Intro to neo4j and cypher
This is a quick intro to the Neo4j graph database and its Cypher query language, based on a talk I gave at Hack Reactor a few days ago. By the end of this post, you’ll have a general idea of how to read Cypher, you’ll have a starting point for going through other tutorials, and most importantly I hope you’ll be excited about the possibilities Neo4j can open up in your own projects.
What is a graph database?
In the simplest terms, a graph database represents data in terms of a graph data structure, with nodes that represent nouns, and edges representing connections between those nouns.
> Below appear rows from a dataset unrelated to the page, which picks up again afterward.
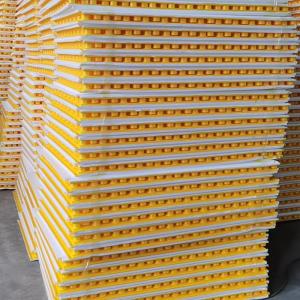 Customized Color XPS Foam Board For Underfloor Insulation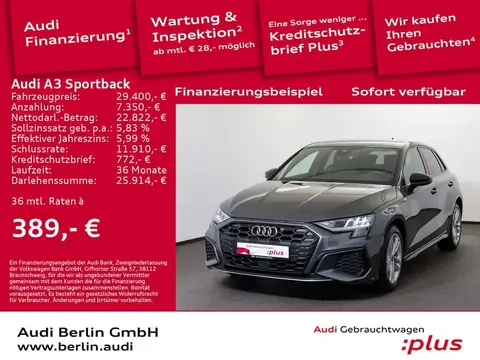 Used AUDI A3 Hybrid 2022 Ad 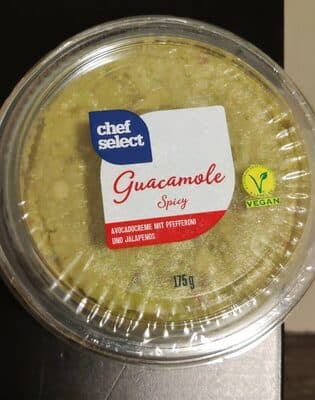 Quacamole spicy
If you were creating a social network, users, groups, posts, tags, images, reviews, and comments might all be nodes in your database. Edges would connect these nodes in meaningful ways – users connected to their friends, to the posts they write, and to the groups they’re members of.
What is Neo4j?
Here’s the official word: >”Neo4j is a highly scalable, robust (fully ACID) native graph database. Neo4j is used in mission-critical apps by thousands of leading startups, enterprises, and governments around the world.”
In my experience Neo4j has good documentation and is fairly easy to use in real projects. Working with it tends to be intuitive, and I’ve actually found it to be pretty fun.
Cypher
Cypher is the query language used by Neo4j. It’s a declarative language that feels a lot like SQL.
Let’s jump right in.
This is a node: ()
Nodes usually have types, called labels. A label might be :USER
or :COMMENT
. Nodes can store arbitrary properties in the form of key-value pairs; you might choose to store a user’s name, age, or address on his node. Labels and properties are both optional, but in practice you’ll probably want at least one of them.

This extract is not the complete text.